Milattan önce (MÖ) 3000'lerde Sümerlerde ve 2000'lerde Mısır duvar resimlerinden beri bilinen bir dövüş biçimi boks.
Soruyu böyle “dan” diye sormamızın bir sebebi var elbette. Sırbistan’da geçen hafta başlayan ve bu hafta sonuna kadar devam edecek olan 2021 Dünya Boks Şampiyonası yayınlarında kaşı yarılanlar, dudağı patlayanlar, havlu atılacak derece grogi duruma düşenler, belden aşağı vuranlar, ringe serilenler gırla gidiyor.
Milattan önce (MÖ) 3000’lerde Sümerlerde ve 2000’lerde Mısır duvar resimlerinden beri bilinen bir dövüş biçimi boks. Günümüz dünyasında insanlar bu dövüşlerin bazı sportif kurallarla düzenlenerek spor sayılıp sayılamayacağına dair çeşitli düzeylerde tartışmalar sürdürüyor. Kimisi bunun belli bir çeviklik ve zekâ gerektiren savunma sporu olduğunu iddia ederken; daha entelektüel düzeyde ise, boks karşılaşmalarının horoz dövüşlerinden bir farkı olmadığını ve iki insanın birbirini –bir şekilde – yenene kadar da özellikle kafaya ve iç organlara (karaciğer, mide, dalak gibi) vurmanın nasıl bir spor olduğunun sorgulanması gerektiğini ifade ediyorlar.
Bu sene Sırbistan’daki turnuva zaten oldukça sorunlu başladı. Evlâd-ı Fatihândan Kosovalı gençler Sırpların spora siyaset karıştırması neticesinde sınırdan geri çevrildiler. Kosova bayrağı Sırplarda alerjik reaksiyona sebep oluyor anlaşılan. Ne yazık ki AIBA (amatör boks birliği) yönetimi de buna sessiz kaldı. Birliğin başkanı Umar Nazaroviç Kremlev’in Rus olması ve Rusların eski sömürgeleri olan Sırplara koltuk çıkmaları Kosovalı gençlerin mağduriyetine sebep oldu.

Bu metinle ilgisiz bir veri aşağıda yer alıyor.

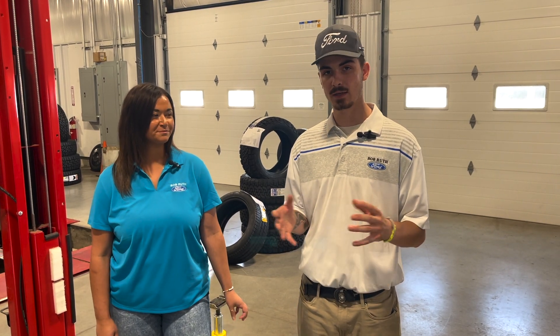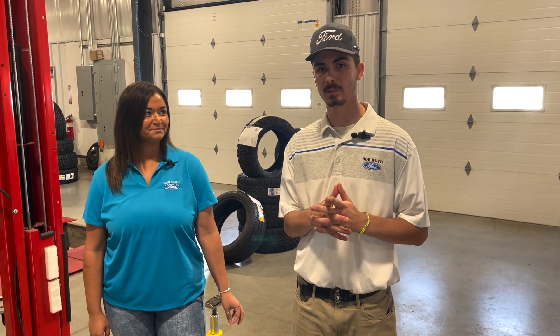We do sight unseen offers. All I need from you is just a few pictures, and if you'd like to bring it into the dealership, we do everything in-house, and we'd be able to get you a ride home if needed. Also, we come to you to pick up the vehicle.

IOC (Uluslararası Olimpiyat Komitesi) çok yakın zamanda yaşanan skandallardan sonra AIBA faaliyetlerini askıya almış ve amatör boksta sular yeni yeni durulurken bu yaşananlar da boks acaba spor olarak sayılmasa daha mı iyi olacak diyenlerin tezlerini kuvvetlendirdi bir bakıma.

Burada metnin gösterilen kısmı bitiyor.